With halo and jar Rosso’s portrait could be of a woman named Maddalena, although this would seem to be unusual. It could also be a portrait of a young woman who was about to enter a convent whether or not her name was Maddalena, and possibly because she would then assume this name.3 In any case, the image could be related to penitence. The coral necklace might have apotropaic significance.
1The state of the edges of the panel and the condition of the halo were kindly related to me in May 1984 by Anne Fabre and Philippe Costamagna who had studied the panel out of its frame. They also pointed out the details at the lower left that are visible with the portrait in its frame but not in published photographs of the painting.
2 Freedberg, 1961, I, 207, II, Fig. 269.
3 It is highly unlikely that the picture is a devotional image of the Magdalen, but rather a portrait modestly in her guise. For similar later paintings by Pontormo (Fig.Pontormo) and Puligo, see Costamagna, 1994, 72, 195, Cat. 55 (the copy of Pontormo’s saint as a portrait of Francesca Capponi), and Anne Fabre and Marilena Mosco in Maddalena, 1986, 73–74, no. 14, with Fig. (Fig.Puligo, Florence). A much later Portrait of a Young Woman Holding A Skull (Louisville, Speed Art Museum, inv. no. 66.8; Terisio Pignatti, Veronese, Venice, 1976, I, 191, A168, II, Fig. 866), attributed to Veronese but seems instead by Fasolo, shows a girl of seventeen, in 1574, giving a record of her appearance at the time that she was about to enter a convent, as indicated by inscriptions (Fig.Veronese). A fine Portrait of a Woman as the Magdalen, attributed to Puligo (Fig.Puligo, Ottawa) is almost identical to a Portrait of a Woman as St.
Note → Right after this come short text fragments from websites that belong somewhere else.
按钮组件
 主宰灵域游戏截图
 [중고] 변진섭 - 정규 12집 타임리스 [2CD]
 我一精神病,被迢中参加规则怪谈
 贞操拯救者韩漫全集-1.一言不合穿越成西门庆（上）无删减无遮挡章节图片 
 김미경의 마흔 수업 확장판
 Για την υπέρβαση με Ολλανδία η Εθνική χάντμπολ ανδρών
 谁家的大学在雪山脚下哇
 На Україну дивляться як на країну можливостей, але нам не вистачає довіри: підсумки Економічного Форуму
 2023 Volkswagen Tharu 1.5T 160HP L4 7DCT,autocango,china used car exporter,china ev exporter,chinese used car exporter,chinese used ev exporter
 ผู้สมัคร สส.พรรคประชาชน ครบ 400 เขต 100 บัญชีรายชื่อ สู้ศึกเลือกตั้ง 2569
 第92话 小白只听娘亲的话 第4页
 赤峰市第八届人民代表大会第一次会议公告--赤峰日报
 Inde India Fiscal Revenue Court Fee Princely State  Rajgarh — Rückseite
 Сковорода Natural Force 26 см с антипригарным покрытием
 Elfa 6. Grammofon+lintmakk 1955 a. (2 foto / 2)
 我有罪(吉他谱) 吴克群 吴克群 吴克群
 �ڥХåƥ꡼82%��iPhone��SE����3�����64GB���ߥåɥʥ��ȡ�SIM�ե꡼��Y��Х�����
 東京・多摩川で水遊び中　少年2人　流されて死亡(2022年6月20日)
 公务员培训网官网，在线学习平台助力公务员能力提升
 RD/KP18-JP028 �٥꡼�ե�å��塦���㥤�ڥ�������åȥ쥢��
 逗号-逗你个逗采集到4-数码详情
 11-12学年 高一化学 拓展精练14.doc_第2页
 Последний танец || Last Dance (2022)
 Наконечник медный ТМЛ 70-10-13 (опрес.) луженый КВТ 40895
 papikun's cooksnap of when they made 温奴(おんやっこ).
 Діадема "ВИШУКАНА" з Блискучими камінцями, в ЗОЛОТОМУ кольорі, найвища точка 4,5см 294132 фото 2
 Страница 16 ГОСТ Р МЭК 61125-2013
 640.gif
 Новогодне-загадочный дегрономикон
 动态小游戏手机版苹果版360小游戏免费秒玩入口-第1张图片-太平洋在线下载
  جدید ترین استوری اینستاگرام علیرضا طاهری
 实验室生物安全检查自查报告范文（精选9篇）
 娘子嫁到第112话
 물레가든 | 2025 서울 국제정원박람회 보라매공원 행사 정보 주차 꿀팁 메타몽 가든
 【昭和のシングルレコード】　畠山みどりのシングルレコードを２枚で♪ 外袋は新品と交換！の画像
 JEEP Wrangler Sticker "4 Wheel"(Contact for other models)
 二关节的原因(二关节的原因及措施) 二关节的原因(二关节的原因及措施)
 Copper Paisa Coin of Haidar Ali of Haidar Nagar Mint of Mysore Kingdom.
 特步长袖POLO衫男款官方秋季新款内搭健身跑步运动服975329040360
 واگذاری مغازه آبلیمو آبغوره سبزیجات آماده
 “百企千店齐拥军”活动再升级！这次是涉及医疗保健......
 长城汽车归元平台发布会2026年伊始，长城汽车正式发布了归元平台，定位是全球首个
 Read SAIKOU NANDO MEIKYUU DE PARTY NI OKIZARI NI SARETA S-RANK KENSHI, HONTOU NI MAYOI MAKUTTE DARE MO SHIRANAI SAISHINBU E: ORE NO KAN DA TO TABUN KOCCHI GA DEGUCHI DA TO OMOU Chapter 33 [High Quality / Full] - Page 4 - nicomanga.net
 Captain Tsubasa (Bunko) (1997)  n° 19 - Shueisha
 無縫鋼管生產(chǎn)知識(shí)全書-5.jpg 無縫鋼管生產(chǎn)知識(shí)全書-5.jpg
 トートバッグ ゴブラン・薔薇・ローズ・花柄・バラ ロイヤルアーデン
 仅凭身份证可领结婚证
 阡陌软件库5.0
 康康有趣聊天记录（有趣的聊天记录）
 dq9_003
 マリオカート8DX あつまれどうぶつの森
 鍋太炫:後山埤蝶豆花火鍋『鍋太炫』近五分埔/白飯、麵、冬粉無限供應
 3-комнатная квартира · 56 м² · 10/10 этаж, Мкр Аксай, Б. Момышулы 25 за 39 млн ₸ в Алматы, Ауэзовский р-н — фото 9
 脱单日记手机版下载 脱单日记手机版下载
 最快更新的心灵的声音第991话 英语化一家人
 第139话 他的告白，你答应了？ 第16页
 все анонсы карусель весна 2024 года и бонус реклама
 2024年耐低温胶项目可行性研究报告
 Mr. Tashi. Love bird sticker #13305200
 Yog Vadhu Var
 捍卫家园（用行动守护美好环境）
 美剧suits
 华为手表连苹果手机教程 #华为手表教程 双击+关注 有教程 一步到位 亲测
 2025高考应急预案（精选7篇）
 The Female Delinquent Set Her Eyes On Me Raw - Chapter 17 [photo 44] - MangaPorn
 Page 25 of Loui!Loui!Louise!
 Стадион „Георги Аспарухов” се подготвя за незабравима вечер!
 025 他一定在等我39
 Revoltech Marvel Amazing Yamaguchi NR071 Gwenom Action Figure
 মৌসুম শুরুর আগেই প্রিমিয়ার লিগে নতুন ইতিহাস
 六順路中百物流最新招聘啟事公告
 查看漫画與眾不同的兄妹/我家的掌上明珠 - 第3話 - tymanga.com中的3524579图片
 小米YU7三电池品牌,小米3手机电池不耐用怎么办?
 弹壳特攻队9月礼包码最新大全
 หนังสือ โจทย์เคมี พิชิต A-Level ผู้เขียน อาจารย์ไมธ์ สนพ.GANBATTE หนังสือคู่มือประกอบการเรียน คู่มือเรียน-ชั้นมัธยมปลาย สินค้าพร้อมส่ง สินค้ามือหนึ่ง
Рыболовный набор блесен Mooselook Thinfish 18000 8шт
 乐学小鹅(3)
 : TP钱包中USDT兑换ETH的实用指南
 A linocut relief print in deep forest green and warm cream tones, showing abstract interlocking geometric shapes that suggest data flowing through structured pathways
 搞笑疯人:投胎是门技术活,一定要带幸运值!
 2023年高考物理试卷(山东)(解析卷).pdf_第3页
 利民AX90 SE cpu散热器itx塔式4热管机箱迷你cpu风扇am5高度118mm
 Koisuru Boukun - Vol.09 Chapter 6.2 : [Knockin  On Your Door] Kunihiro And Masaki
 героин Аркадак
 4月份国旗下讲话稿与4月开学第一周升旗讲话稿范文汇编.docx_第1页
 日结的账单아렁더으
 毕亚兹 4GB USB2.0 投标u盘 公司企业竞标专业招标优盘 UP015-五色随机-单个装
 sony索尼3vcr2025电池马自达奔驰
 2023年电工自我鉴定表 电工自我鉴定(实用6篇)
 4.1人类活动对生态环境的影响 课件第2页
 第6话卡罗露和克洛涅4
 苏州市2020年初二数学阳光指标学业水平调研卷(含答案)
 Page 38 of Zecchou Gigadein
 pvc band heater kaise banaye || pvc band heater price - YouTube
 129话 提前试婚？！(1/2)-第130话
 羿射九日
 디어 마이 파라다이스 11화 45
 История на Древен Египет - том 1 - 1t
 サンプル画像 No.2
Barbara, also given to Puligo (Fig.Puligo, St. Petersburg), as discussed by Elena Capretti, in Franklin, 2005, 171–172, with Figs. I have not made a study of female portraits identified with female saints, but except for the Puligo portrait in St. Petersburg I know none other than those showing Mary Magdalen, nor any done earlier than Rosso’s, although Capretti indicates others but cites no examples.
The extensive and fully illustrated Maddalena catalogue of 1986 gives no examples of a portrait of a woman, identified with the Magdalen, earlier than Puligo’s portrait in the Palazzo Pitti of ca. 1525.
It is just possible that Rosso’s portrait is of Magdalena di Leonardo for whom he stood as a witness to her appointment of her husband as her legal male guardian, or mundualdus, and her renunciation of an inheritance from her late brother Alessandro (see DOC.1e and Waldman, 2000, 612, and n. 43). Unfortunately, I do not know Magdalena di Leonardo’s age in March of 1514. On the appointment of a mundualdus, see Thomas Kuehn, Law, Family, and Women: Toward a Legal Anthropology of Renaissance Italy, Chicago, 1991, Chapter 9, 212–237, 353–363.